Race and the Workplace

By Lehr Middlebrooks Vreeland & Thompson, P.C.

June 25, 2020

Black Lives Matter was formed in 2013 after George Zimmerman was acquitted in the shooting death of Trayvon Martin. The killing of George Floyd and others has resulted in Black Lives Matter becoming much greater than the issue of law enforcement and race – it’s resulted in a reckoning of racial disparities in several regards, such as income, education and healthcare. Statues are coming down; names of forts, buildings and highways will change, and employers in all sectors have pledged financial support to address racial inequalities. Yet, the greatest responsibility for addressing racial disparities will be for employers to assess their policies and practices. Illegal discrimination is hard to prove. Thus, the absence of discrimination does not necessarily mean the presence of equal opportunity.
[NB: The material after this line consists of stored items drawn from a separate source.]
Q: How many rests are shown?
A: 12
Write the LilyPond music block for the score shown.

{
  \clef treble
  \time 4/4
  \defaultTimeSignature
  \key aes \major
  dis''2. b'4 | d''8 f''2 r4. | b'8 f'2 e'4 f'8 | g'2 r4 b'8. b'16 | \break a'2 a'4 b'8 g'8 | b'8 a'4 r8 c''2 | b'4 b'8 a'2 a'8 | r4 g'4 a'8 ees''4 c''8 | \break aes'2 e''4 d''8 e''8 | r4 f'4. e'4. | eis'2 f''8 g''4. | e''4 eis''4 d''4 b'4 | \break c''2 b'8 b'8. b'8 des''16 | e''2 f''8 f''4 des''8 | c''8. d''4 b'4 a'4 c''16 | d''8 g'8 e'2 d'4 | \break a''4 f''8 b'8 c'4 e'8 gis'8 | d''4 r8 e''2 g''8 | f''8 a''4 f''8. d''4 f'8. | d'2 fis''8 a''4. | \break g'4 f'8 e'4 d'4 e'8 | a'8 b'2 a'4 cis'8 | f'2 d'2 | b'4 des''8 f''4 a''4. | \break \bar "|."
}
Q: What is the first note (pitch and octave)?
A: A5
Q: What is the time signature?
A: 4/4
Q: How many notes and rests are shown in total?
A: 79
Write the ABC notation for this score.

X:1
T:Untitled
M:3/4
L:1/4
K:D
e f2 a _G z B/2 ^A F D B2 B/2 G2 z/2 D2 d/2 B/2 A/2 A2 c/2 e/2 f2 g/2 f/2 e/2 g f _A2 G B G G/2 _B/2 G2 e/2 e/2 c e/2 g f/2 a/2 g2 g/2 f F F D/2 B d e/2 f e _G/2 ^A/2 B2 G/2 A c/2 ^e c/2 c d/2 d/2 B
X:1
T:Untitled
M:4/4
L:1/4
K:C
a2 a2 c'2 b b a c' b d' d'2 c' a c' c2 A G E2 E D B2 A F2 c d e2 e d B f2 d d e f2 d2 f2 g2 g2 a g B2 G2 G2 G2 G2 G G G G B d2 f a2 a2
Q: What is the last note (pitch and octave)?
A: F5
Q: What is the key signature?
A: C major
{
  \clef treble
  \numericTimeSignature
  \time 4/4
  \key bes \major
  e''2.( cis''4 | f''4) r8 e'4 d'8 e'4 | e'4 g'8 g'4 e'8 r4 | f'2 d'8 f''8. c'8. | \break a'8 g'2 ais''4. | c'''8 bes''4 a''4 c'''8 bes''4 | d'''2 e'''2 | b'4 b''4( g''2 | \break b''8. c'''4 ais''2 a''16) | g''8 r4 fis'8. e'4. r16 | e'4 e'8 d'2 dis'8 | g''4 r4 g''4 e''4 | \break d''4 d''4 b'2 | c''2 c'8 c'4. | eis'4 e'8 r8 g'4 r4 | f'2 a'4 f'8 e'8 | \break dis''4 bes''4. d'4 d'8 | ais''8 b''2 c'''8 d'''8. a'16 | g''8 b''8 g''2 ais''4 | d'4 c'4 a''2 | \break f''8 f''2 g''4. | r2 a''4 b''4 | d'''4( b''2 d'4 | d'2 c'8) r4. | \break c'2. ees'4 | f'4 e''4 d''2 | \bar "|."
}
We by no means claim to be social scientists with a blueprint to address the scope of racial disparities. That said, we suggest employers consider the following:

1.    “Racial disparities in access to wealth and wealth building are compounded by a lack of access to paid family and medical leave,” according to the National Partnership for Women and Families (NPWF).
2.    NPWF’s research concludes that “people of color tend to receive lower quality health care services and experience worse health outcomes than white people, magnifying their need for paid family and medical leave.” Furthermore, “women of color suffer most from the combination of these disparities and challenges.”
3.    According to NPWF, “the vast majority of working people in the United States – 85% - do not have paid family leave through their employers, and the consequences for people of color are especially severe.”
4.    Rarely are factors employers consider for hiring and promotions found to be discriminatory, yet certain factors may be a barrier to applicants/employees of color. For example, is a college degree truly necessary for all jobs that require it, particularly for promotions? If appropriate for the job, consider “college degree preferred” or “college degree or relevant experience required.”
5.    Assess your recruitment practices – do they reach those of color?
6.    Consider adopting community work/study programs, especially at schools that are lower-income and/or primarily serve students of color. Wealthy and even middle-class children frequently benefit from having access to personal connections for job shadowing or (legally questionable) unpaid internships. Choose to formalize outreach to under-served communities and schools to extend the same access to others.
7.    If making a workforce reduction or calling employees back to work after the COVID-19 shutdown, what factors do you consider and how are employees of color affected? For example, if it’s seniority-based and that will result in a disproportionate adverse effect on race, consider whether a seniority-based approach is the only reasonable one. Are there other objective factors to consider which do not have such an adverse impact based on race? Remember, that however well-intentioned, quotas or targets for representation are not lawful.
8.    A leading plaintiff’s attorney calls employer equal employment/non-discrimination statements “pretty policies.” That is, they look good, but what does the employer do to be sure there is equal opportunity in training, mentoring and promotions?
9.    Make those who recommend candidates for promotion justify their choice. Were minority candidates considered? If a promotion is based on who applies in response to a posting, were employees of color encouraged to apply? To an employee of color, if the promotion decision-makers are white, the perception to the employee of color may be that he/she will not be seriously considered – even if that perception is wrong.
10.    Make a commitment to educate employees on and then stamp out microaggressions and implicit bias. Microaggressions include coded language or references disproportionately applied to people of color. A common example of this is the term “thug,” which is disproportionately used against Black people. Microaggressions also include small slights and increased questioning and skepticism about whether individuals of color or women “belong.” A well-known Black author who travels extensively (and who may have more frequent flyer miles than our own Richard Lehr) has reported that when she lines up to board a plane with her top-level medallion status, she is regularly questioned if she heard the call correctly. Calling the lone minority in a work group the “token” is another example of a microaggression. Even if the minority in question laughs at or even initiates this joke, this sort of language normalizes a mentality that the minority employee is not there because of his/her qualifications and also that other minorities “need not apply” because the quota has been filled. Employers need to acknowledge that minorities and women experience these microaggressions repeatedly and cumulatively throughout their lifetimes, and to seek to provide a workplace that is a relief from that constant needling.
11.    Review with leaders—from shift leaders up—the goals of diversity, outreach, conduct, and truly providing equal opportunity, especially for opportunities that aren’t subject to formal application or review, like cross-training, mentorship, overtime, and flexible scheduling to pursue outside education. Make everyone aware of and responsible for meeting these goals.

We look forward to working with you to address these issues constructively at this important time in our nation’s history.